By the time Labour party conference begins on Sunday in Liverpool, the party will have announced its new leader. And it is likely to be its old leader, Jeremy Corbyn. For those who have nailed their colours to Owen Smith’s mast, it is quickly becoming clear that Corbyn is about to consolidate power. As a result, there will need to be a mass rethinking of the anti-Corbyn strategy.
Most analysis of Theresa May’s decision to fight for grammar schools has focused on the internal politics of the Conservative party, but the debate has also inadvertently played into Jeremy Corbyn’s hands. Finally, after more than a year in the job, Corbyn has a domestic policy that he actually cares about. Until now, he has struggled to get fired up about issues that don’t involve the Middle East, the Falklands or Northern Ireland. Selective education undoubtedly gets his engine going; indeed, he separated from his wife Claudia Bracchita over the matter. She said that her decision to send their son to a grammar school ‘played an important role in bringing about a regrettable marital break-up.’

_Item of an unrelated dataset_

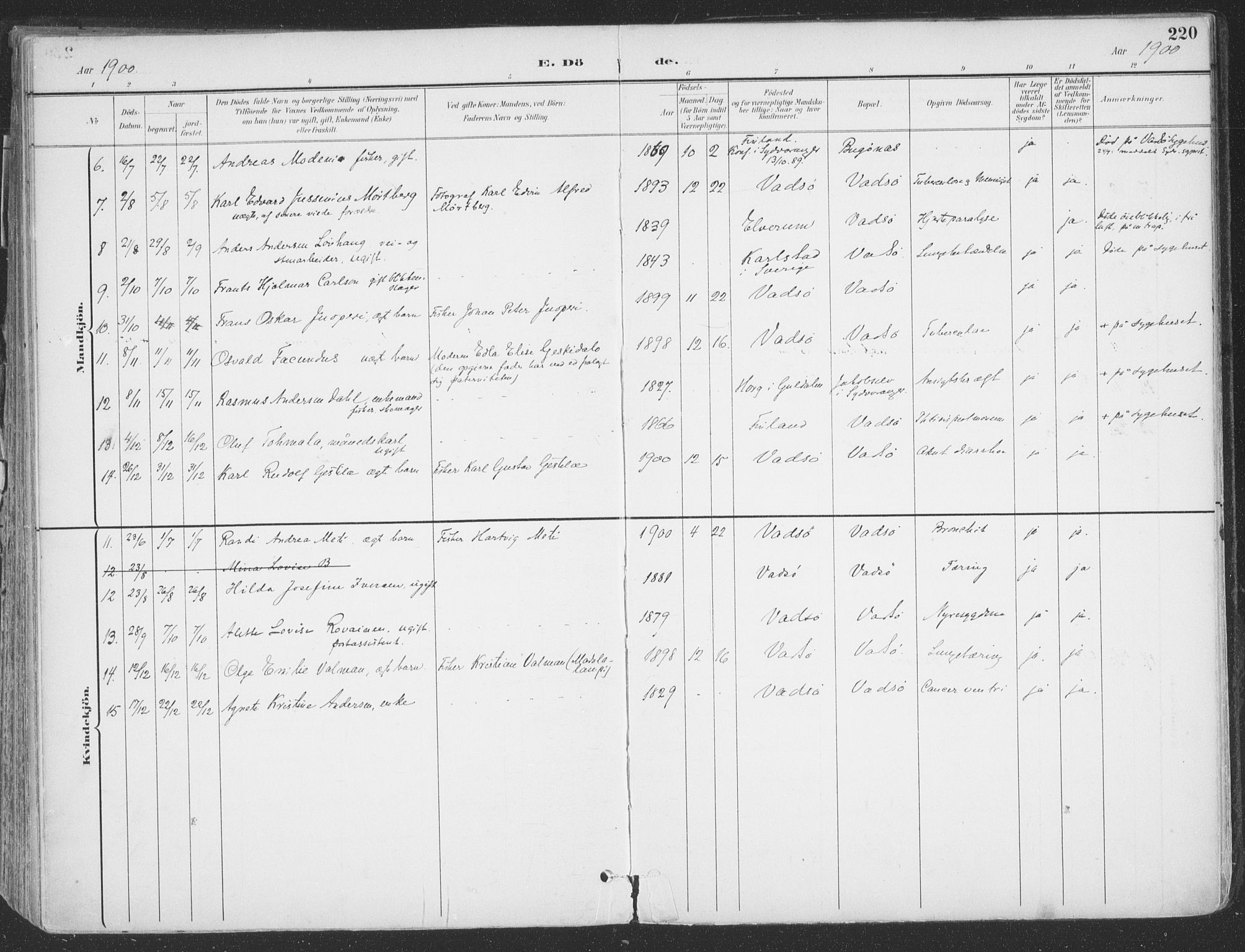 Vadsø sokneprestkontor, SATØ/S-1325/H/Ha/L0007kirke: Parish register (official) no. 7, 1896-1916, p. 220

In his first PMQs debating this issue, Corbyn gave his best performance yet, even earning plaudits from The Spectator. Labour MPs, including some from the 80 per cent who are currently in open rebellion against him, applauded his performance. Lucy Powell called it an ‘easy win’. Mary Creagh saw May ‘floundering’. Lillian Greenwood said Corbyn was ‘right to press May hard’ on the issue, and Wes Streeting observed that the Prime Minister was ‘on the ropes…against six evidence-led questions’.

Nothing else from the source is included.